Live at the Fillmore is a live double album by Derek and the Dominos, recorded in two performances in October 1970 at the Fillmore East and released on 22 February 1994. It includes live material previously released on the In Concert album, live material previously released on Eric Clapton's Crossroads box set, and several previously unreleased numbers.

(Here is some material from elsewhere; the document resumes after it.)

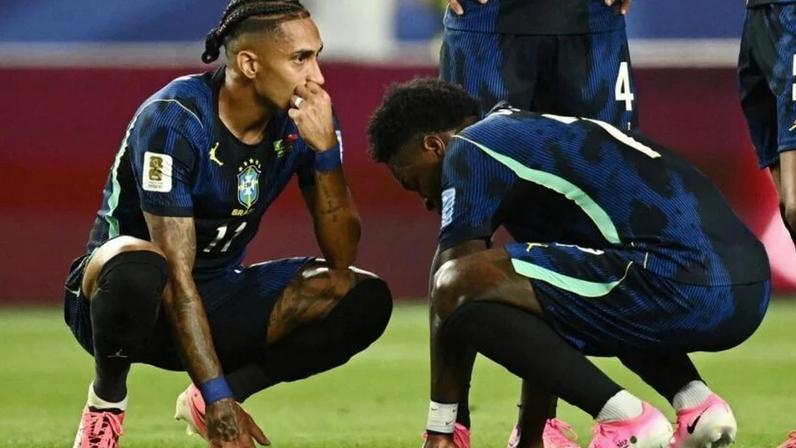 CBF confirma lesão muscular de Raphinha e mantém atacante na Copa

The set-list contains eight Derek and the Dominos songs (six from the album Layla and Other Assorted Love Songs, plus "Roll It Over" and "Got to Get Better in a Little While"), three tunes from Clapton's first solo album (on which the other three band members had played), and one song from two bands to which Clapton had previously belonged ("Presence of The Lord" from Blind Faith; and a different arrangement of Robert Johnson's song, "Crossroads" that Clapton had previously covered with Cream).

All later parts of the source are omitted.